Monday, November 19, 2007

Historical Mad Lib

This comes from a political exchange between two poets. Can you guess the people about whom this is written?
If you can convince the [________] that your armies are bombing their cities and rendering their women and children homeless beggars -- those of them that are not transformed into "mutilated mud-fish", to borrow one of your own phrases --, if you can convince these victims that they are only being subjected to a benevolent treatment which will in the end "save" their nation, it will no longer be necessary for you to convince us of your country's noble intentions. Your righteous indignation against the "polluted people" who are burning their own cities and art treasures (and presumably bombing their own citizens) to malign your soldiers, reminds me of Napoleon's noble wrath when he marched into a deserted Moscow and watched its palaces in flames. I should have expected from you who are a poet at least that much of imagination to feel, to what inhuman despair a people must be reduced to willingly burn their own handiwork of years', indeed centuries', labour. And even as a good nationalist, do you seriously believe that the mountain of bleeding corpses and the wilderness of bombed and burnt cities that is every day widening between your two countries, is making it easier for your two peoples to stretch your hands in a clasp of ever-lasting good will?

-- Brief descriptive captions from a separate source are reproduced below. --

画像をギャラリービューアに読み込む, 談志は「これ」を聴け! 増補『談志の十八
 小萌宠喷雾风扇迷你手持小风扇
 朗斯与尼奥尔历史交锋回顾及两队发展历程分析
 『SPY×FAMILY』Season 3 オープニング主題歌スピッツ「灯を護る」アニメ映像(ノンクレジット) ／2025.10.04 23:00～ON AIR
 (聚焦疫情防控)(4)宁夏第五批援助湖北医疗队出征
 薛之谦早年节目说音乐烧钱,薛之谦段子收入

Yes, I think it sounds a lot like Iraq, too. I'll put the answer in comments, or you can read the whole exchange.

2 comments:

Ahistoricality said...

The writer is Bengali writer and Nobel Laureate Rabindranath Tagore and Japanese poet Noguchi Yonejiro. Tagore's rosy view of the Chinese Nationalists is rather undeserved, but his understanding of Japan's role in China is precise enough.

And yes, I think we may well be blundering down the same damned path.

Ahistoricality said...

I forgot to put the date here: it was 1938, the year after Japan had initiated full-scale military operations against China, including the infamous Nanjing Massacres.